This is a collection of photos of Melbourne public sculptures and their maquettes. Maquette is an arty French word for a ‘model’ from when French was the language of art (now the language of contemporary art is any language that you speak). They are made in a variety of media from wood, wax, clay or anything other inexpensive media that works for the sculptor.
Sculptors make them as visual sketches for themselves but they are also used to get commissions for sculptures. The sculptural equivalent of architectural models. The City of Melbourne has a small collection of these maquettes in their storage, as have the Arts Centre, that were submissions for sculpture commissions.
These models are made directly by the sculptor whereas the full-scale version may be the work of both sculptor, assistants and other fabricators. The models for bronze sculptures are made out of bees wax and multiple bronze editions of these scale models are sometimes made.
Louis Laumen’s Pastor Sir Doug and Lady Gladys Nicholls Memorial (aka Dungala Wamayirr) was originally design to be on opposite sides of each and to be on a higher plinth. Here they are along with James White’s Edmund Fitzgibbon Memorial, along with another unknown statue (possibly Peter Corlett’s John Cain but on a plinth).
The maquettes for familiar public sculptures were on a couple of shelves, there were racks of paintings and even a couple of street art pieces (recent acquisitions from the Andy Mac collection auction) in the storage at the City of Melbourne Art and Heritage Collection. I was looking around on a tour with Melbourne Open House 2012 – the only opportunity that a member of the public has to see this archive of the city’s history.
Maquettes for Fiona Clarke and Ken McKean’s Eel Trap and Pamela Irving’s Larry Latrobe
“Where are the sculptures?” I asked at the end of the tour. I had expected to see a couple of old marble sculpture in bad repair, as Melbourne’s gardens were reportedly full of copies of classical sculpture.
“We don’t have any in storage.”
Further interrogation followed as I had read a report in the Melbourne Weekly Times about the two busts of Dante and Marconi that are in storage. They are going to the new Italian Culture Museum. There were bits of another sculpture but apart from that there was nothing in storage, it was all out on public display.

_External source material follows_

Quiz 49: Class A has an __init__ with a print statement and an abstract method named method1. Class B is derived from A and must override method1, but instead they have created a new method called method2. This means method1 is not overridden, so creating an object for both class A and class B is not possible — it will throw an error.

The sculptures that are no longer visible in the city are owned and stored by organizations other than the City of Melbourne. I assume that Docklands has a separate storage where they are keeping the recently dismantled “Shoal Fly By” by Melbourne-based architect/artist partnership, Cat Macleod and Michael Bellemo that was located on Harbour Esplanade. The dock footing where the sculpture stood was unsafe and the sculpture was removed earlier this year.
Michael Meszaros sculpture “Distant Conversations” 1992 (also known as “the Telstra figures”) is no longer in the Telstra building. “In October 2009, Telstra decided after 17 years they were going to dismantle Michael Meszaros’ ‘Distant Conversations’ in order to install a Telstra shop. Needless to say the artist was distraught. Mr Meszaros sort legal advise and with the help of lawyer Dr. Mark Williams was able to save his work under the recognition of artists’ moral rights legislation. After negotiating with Telstra for a reasonable outcome Mr Meszaros was eventually able to secure a buyer for the artwork who agreed to remove, store and eventually relocate the work which is valued at over $1million.” (Public Art Around the World)
What ever happened to the de Kooning sculpture that used to stand in front of the Art Centre? What sculptures in Melbourne do you remember that aren’t there any more?